- **EXERCISE**
Reproduce, word for word, the lines in the material below starting with the one that has "Curtainsider truck Iveco" and going on through the one that has "Espejo de pared". Leave out all pictures.

- **PROVIDED DATA**
════════

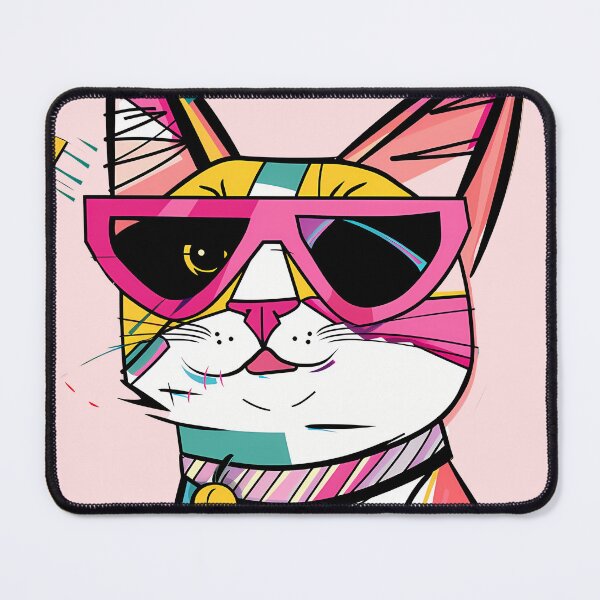Item preview, Colorful happy cat with sunglasses designed and sold by mando24895.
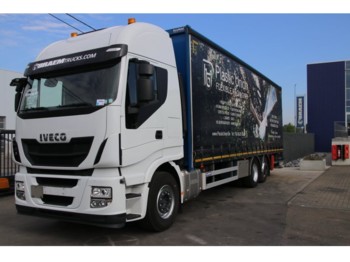 Curtainsider truck Iveco STRALIS 420 - EURO 6: picture 1
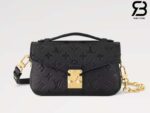Túi LV Pochette Métis East West Màu Đen Monogram Empreinte 21CM Best Quality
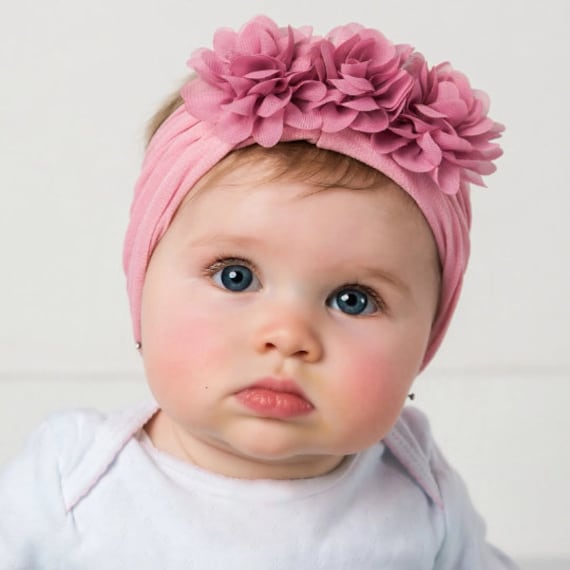 Baby Girl Headbands Baby Girl Newborn Bows Infant Hair Accessories Elastic  Turban Baby Girl Hair Ties Plain Color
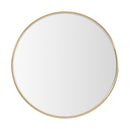 Espejo de pared redondo con marco de aluminio dorado de 60 cm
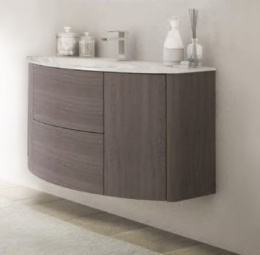 Фото Тумба под раковину Cezares Eden 54408 121 см подвесная, цвет rovere scuro soft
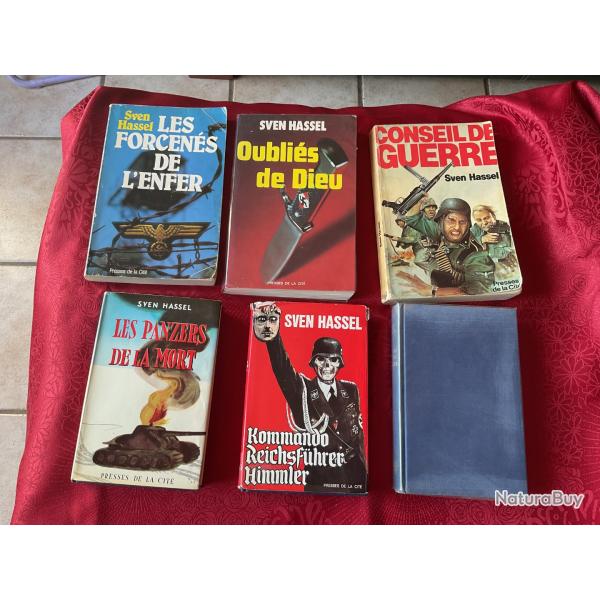 Collection lot de six livres de Sven Hassel
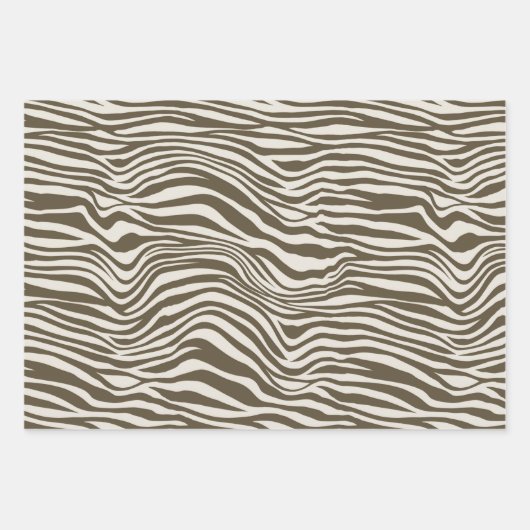 Cream Zebra Print Inpakpapier Vel (Voorkant 2)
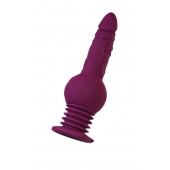 Фиолетовая мини-машина для секса Striker с пультом ДУ - 23,5 см. - ToyFa - купить с доставкой в Саратове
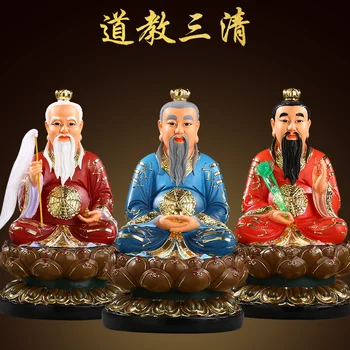 3p הטאואיזם ZU שי האלים מקדש המזבח בבית הגנה פולחן טאי-צ 'אנג לאו ג' יואן שי TIANZUN DAODE אלוהים, בודהה פנג שואי פסל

════════

- **FINAL ANSWER**
 Curtainsider truck Iveco STRALIS 420 - EURO 6: picture 1
Túi LV Pochette Métis East West Màu Đen Monogram Empreinte 21CM Best Quality
 Baby Girl Headbands Baby Girl Newborn Bows Infant Hair Accessories Elastic  Turban Baby Girl Hair Ties Plain Color
 Espejo de pared redondo con marco de aluminio dorado de 60 cm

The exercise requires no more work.